Your task:
Produce a faithful copy of the data, one that leaves out the pictures.

*** Opening Material for the task ***

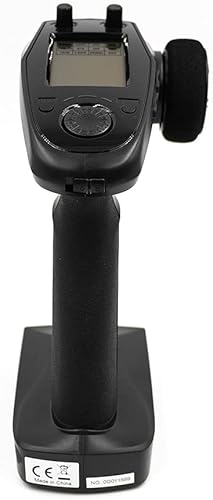 Miniatura 2 de Flysky FS-GT5 2.4G 6CH AFHDS RC transmisor mando a distancia con receptor FS-BS6 para RC Car Crawler Boat Vehículo RC Modelo piezas de coche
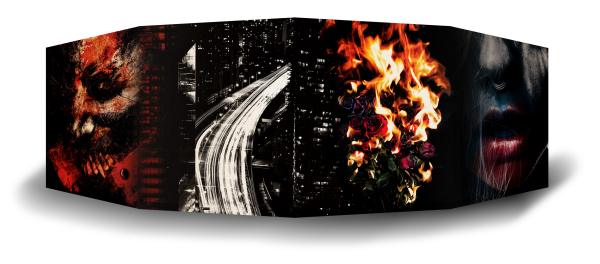 Vampire: Die Maskerade Erzählerschirm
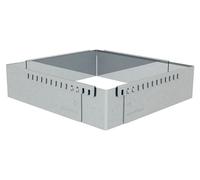 De Buyer Patisserie Rahmen Edels. einst. max 56-84 rechteck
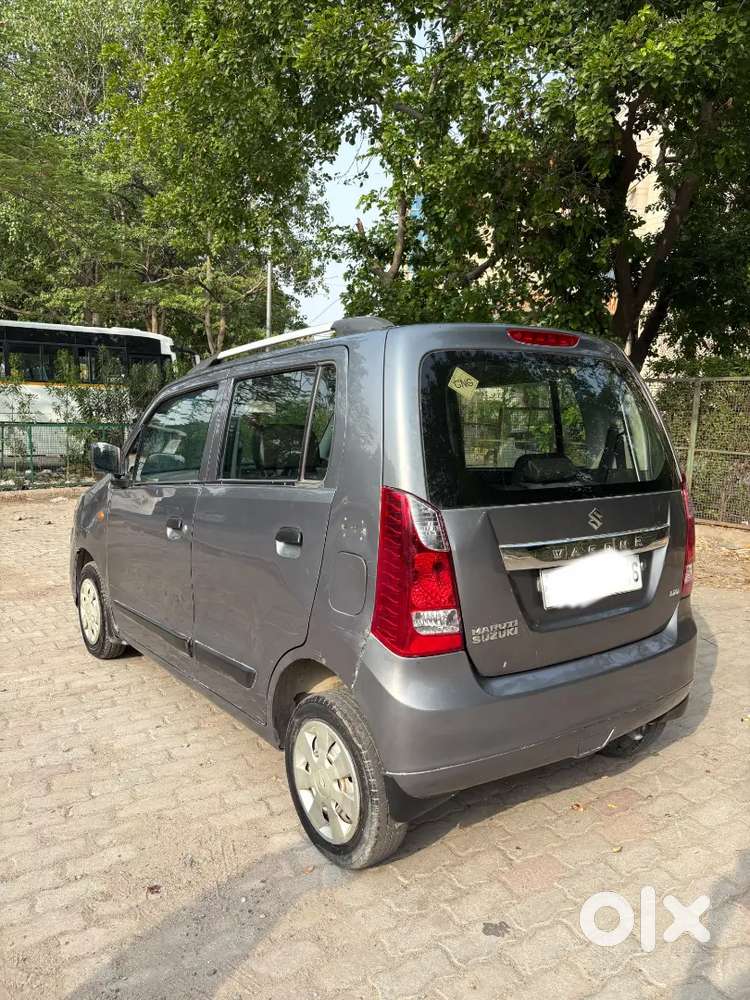 Maruti Suzuki Wagon R 2012 Cng & Hybrids Well Maintained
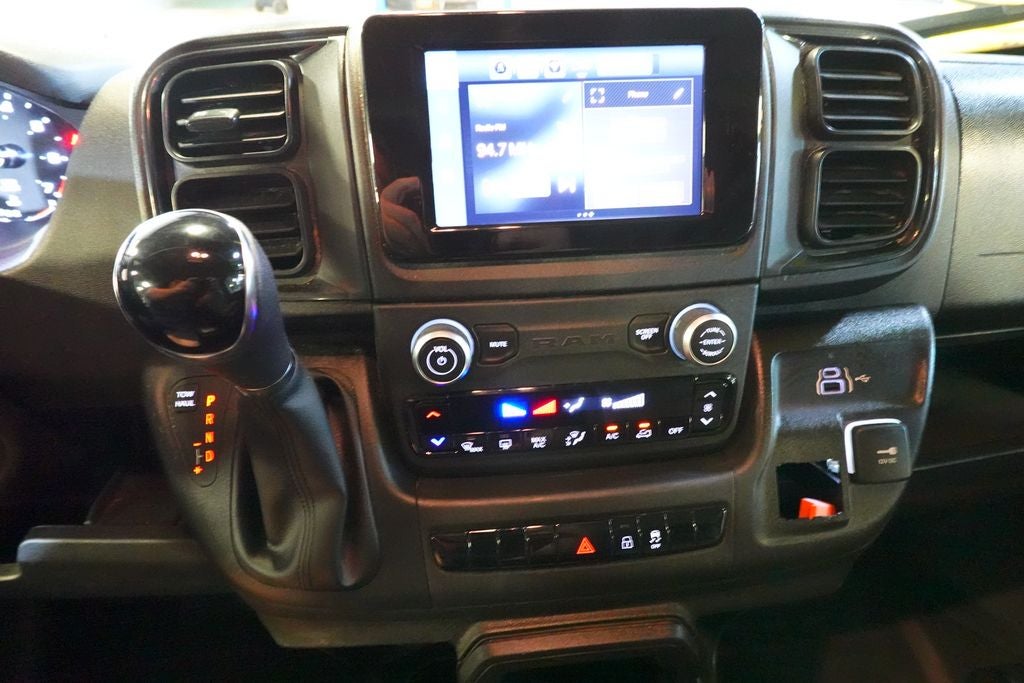 2023 RAM ProMaster 3500 High Roof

*** Closing Material for the task ***

Output for this exercise:
 Miniatura 2 de Flysky FS-GT5 2.4G 6CH AFHDS RC transmisor mando a distancia con receptor FS-BS6 para RC Car Crawler Boat Vehículo RC Modelo piezas de coche
 Vampire: Die Maskerade Erzählerschirm
 De Buyer Patisserie Rahmen Edels. einst. max 56-84 rechteck
 Maruti Suzuki Wagon R 2012 Cng & Hybrids Well Maintained
 2023 RAM ProMaster 3500 High Roof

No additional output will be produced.